The Bible writers talk about power all the time, and Jesus demonstrates what he thinks of earthly domination quite clearly. Paul says:
But law came in, with the result that the trespass multiplied; but where sin increased, grace abounded all the more, so that, just as sin exercised dominion in death, so grace might also exercise dominion through justification leading to eternal life through Jesus Christ our Lord. — Romans 5:20-21
Isn’t he joyfully saying that it is grace that properly exercises dominion? It is sin and death that want to adjudicate who is wrong all day. If we are sure our pastors will dominate us for evil (or we just want to make sure they are properly suspected and surrounded by controlling policies), who is dominating, and by what power are they attempting to dominate?
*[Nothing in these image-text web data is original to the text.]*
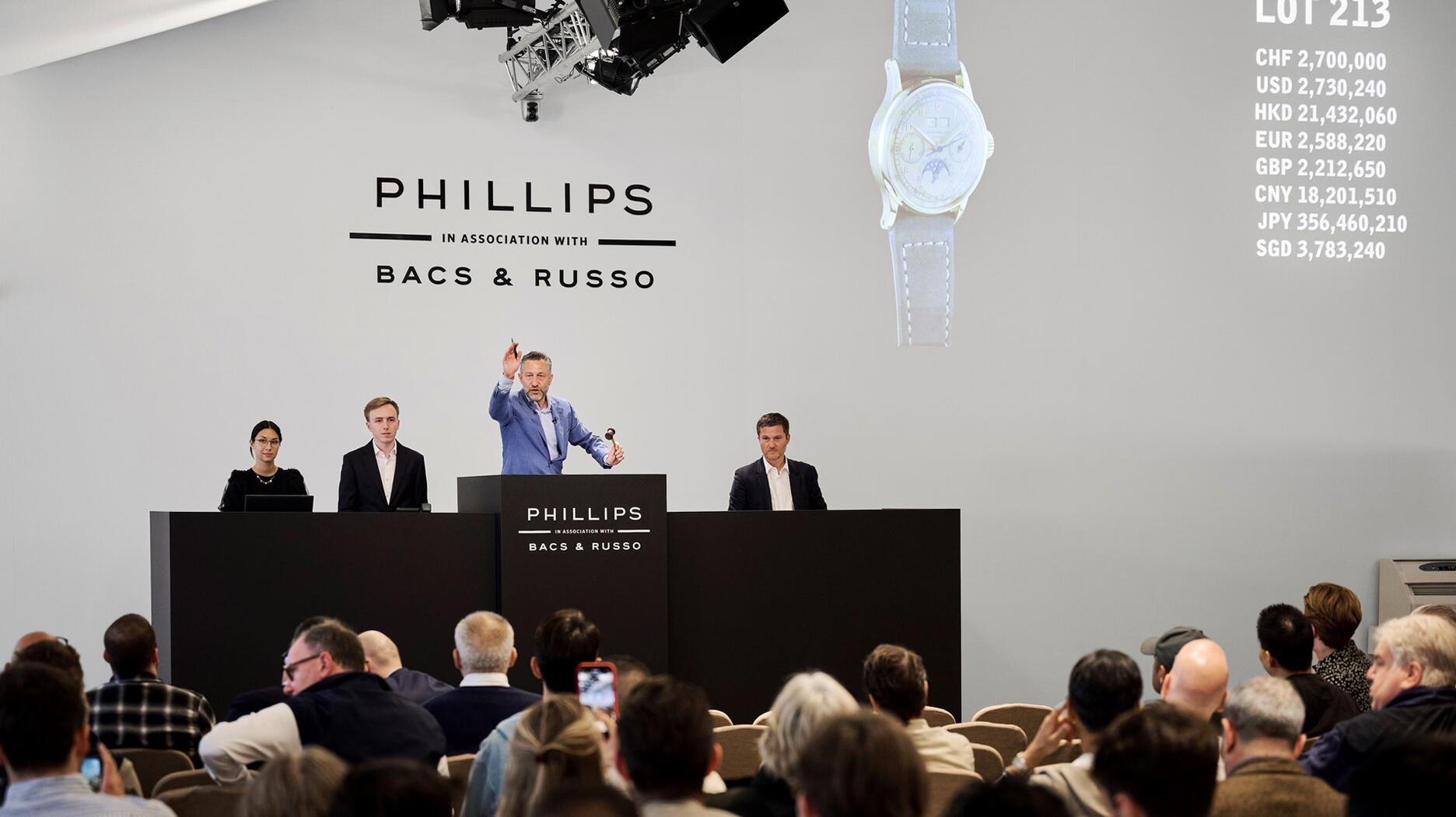 Phillips’ Geneva Watch Auction Was a White Glove Sale National Jeweler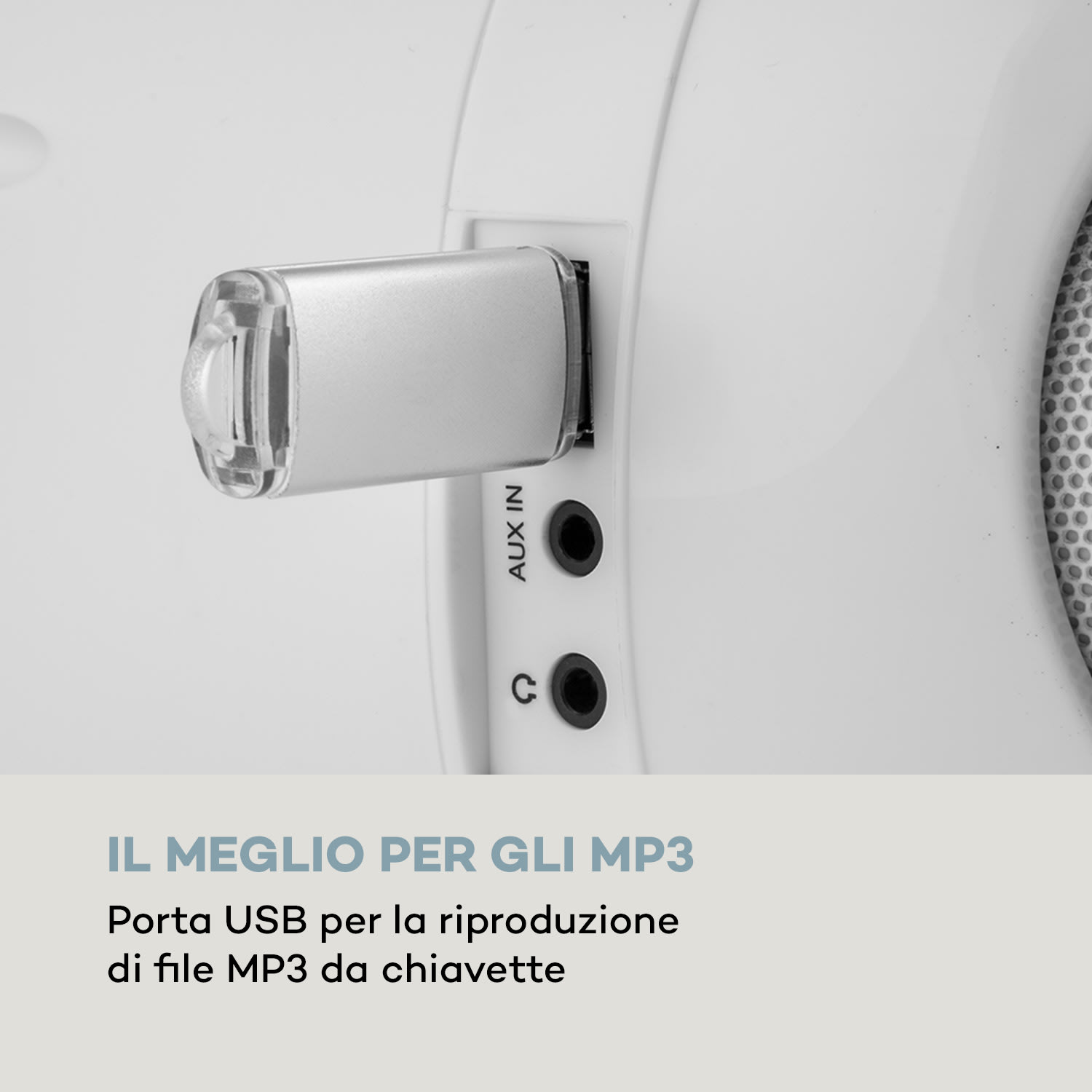 Roadie Smart boombox radio internet DAB/DAB+ FM lettore CD LED WiFi bluetooth 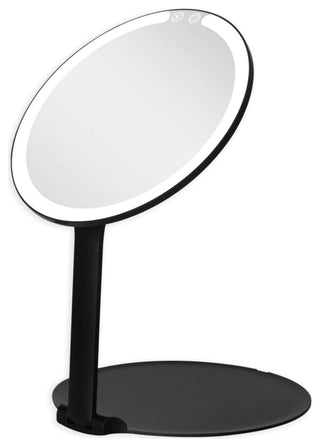 Ayla Slim Tri-Tone LED Makeup Mirror, Black
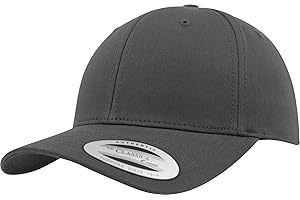 Flexfit Curved Classic Snapback czapka unisex czarna Basics, Streetwear, antracyt, Rozmiar uniwersalny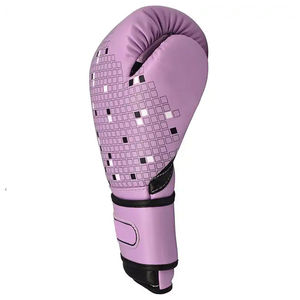 Gants de boxe en PU violets, longueur poignet, entraînement sportif, impression par transfert thermique, utilisation quatre saisons - Product Image 6
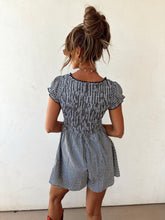 Load image into Gallery viewer, Annie Gingham Romper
We are called to live in trust of Jesus, who has been revealed as the power above all powers, ruling in truth and love. In his light, anyone who claims an inappropriate authority will be shown up for who they are, if not now, then in the end. I share Paul’s praise of Jesus:
He is the image of the invisible God, the firstborn of all creation; for in him all things in heaven and on earth were created, things visible and invisible, whether thrones or dominions or rulers or powers—all things have been created through him and for him. He himself is before all things, and in him all things hold together. — Colossians 1:15-17
If anything is going to hold together in the church, it will be because Jesus is holding it together, not because we have everyone in properly-defined corrals to protect against their abuse of power. One the contrary, we celebrate the power of Jesus unleashed among us.
So functionally, calling us “pastor dominated” (which I will stop doing, since Google has a lot of power) comes from an egalitarian place, since we are all listening to Jesus and following. The leader has a specific role in the body, not a right to dominate us in some antichrist way. They exercise leader power for our common good. We help them do this. We nurture, correct, encourage and love our pastors into their full capacity to move us, shape us, help us, and teach us. We set them apart for a special role because we think they are given it by God, not because their innate power deserves it or demands it or because we are so foolish we can’t follow God without them. And that goes for all the other leaders we have unleashed — there must be 100 or more! They all lead because they are loved, not because they are greedy for power.
We know that any one of us might be called out to lead, if it were necessary. Would you do it? Probably. But, after all this, you might be afraid to heed the call because someone might tag you “dominating!” That would be trouble.